# What you need to do
Look for the line with "Torrevieja - Acequion" in the data below, then reproduce word for word that line and every line after it. Leave out all pictures and add nothing.

# Available data
....................

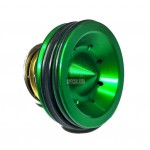 ERGAL PISTON HEAD PRESSURE DEVIATION X-RING DOUBLE OR FPS-SOFTAIR ERGAL PISTON HEAD PRESSURE DEVIATION X-RING DOUBLE OR FPS-SOFTAIR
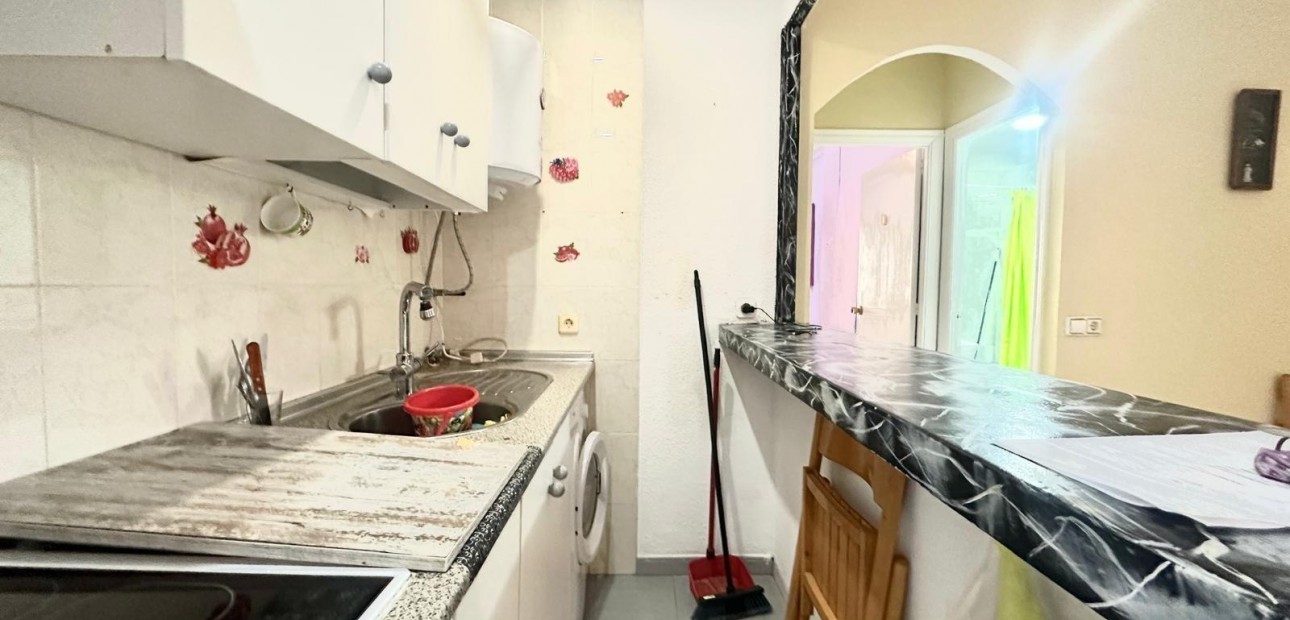 Venta - Apartamento / piso -
Torrevieja - Acequion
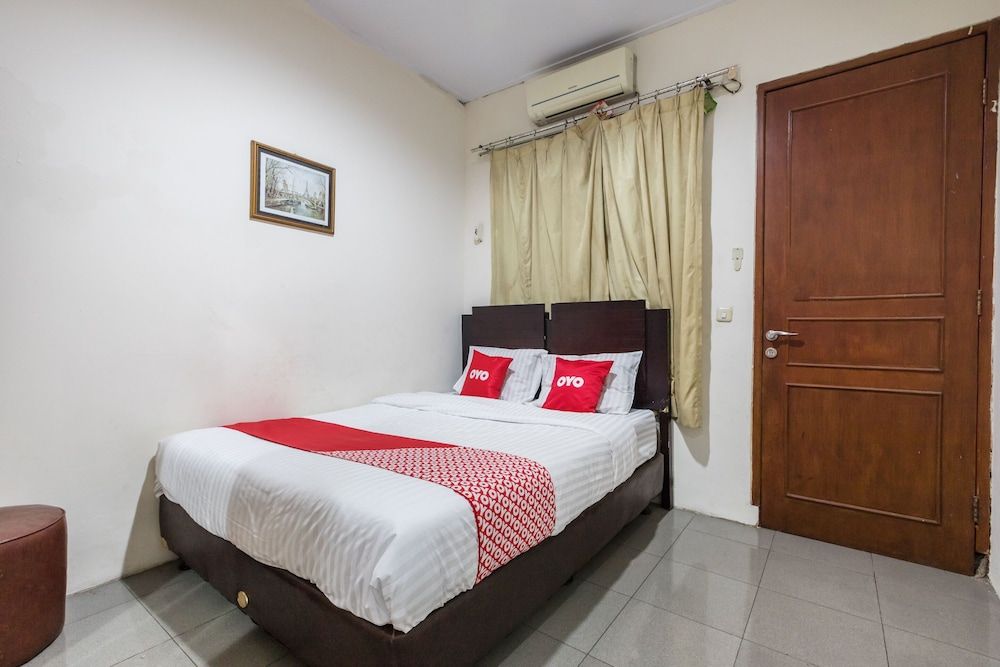undefined OYO 1672 Wisma Barkah 8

....................

# Answer space
Torrevieja - Acequion
undefined OYO 1672 Wisma Barkah 8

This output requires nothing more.